■ **Assignment**:
In the entries below, which lines run from the one with "A large white" through the one with "A grand double-story"? Repeat exactly those, both included, and no pictures.

■ **The input**:
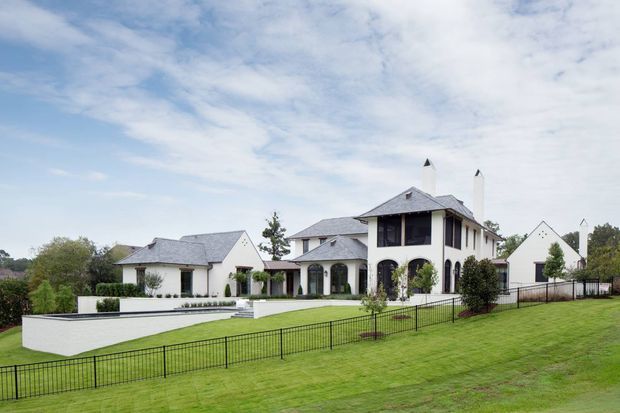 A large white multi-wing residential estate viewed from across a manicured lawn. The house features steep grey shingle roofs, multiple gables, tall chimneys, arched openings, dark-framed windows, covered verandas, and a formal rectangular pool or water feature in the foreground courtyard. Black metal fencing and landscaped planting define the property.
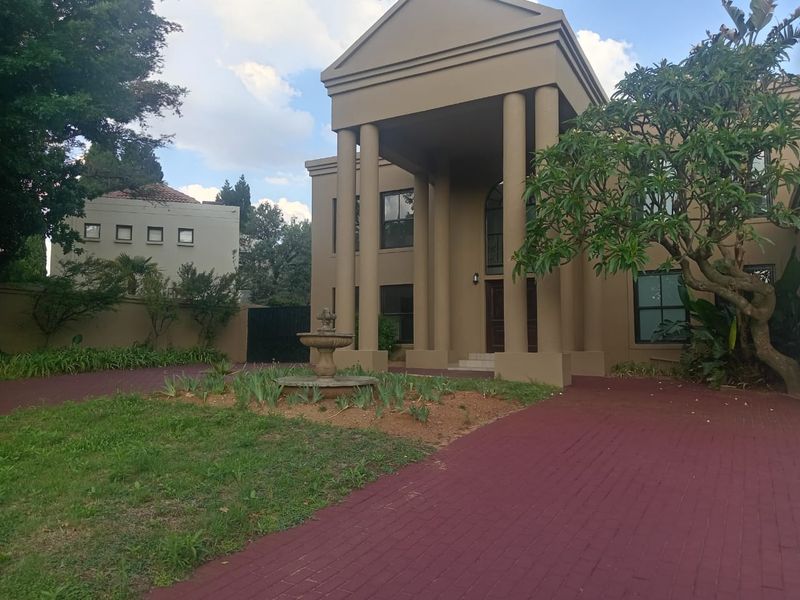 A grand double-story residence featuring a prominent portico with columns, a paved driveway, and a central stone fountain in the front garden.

--

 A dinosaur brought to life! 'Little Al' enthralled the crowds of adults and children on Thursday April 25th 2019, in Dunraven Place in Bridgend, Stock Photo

■ **Response to the task**:
 A large white multi-wing residential estate viewed from across a manicured lawn. The house features steep grey shingle roofs, multiple gables, tall chimneys, arched openings, dark-framed windows, covered verandas, and a formal rectangular pool or water feature in the foreground courtyard. Black metal fencing and landscaped planting define the property.
 A grand double-story residence featuring a prominent portico with columns, a paved driveway, and a central stone fountain in the front garden.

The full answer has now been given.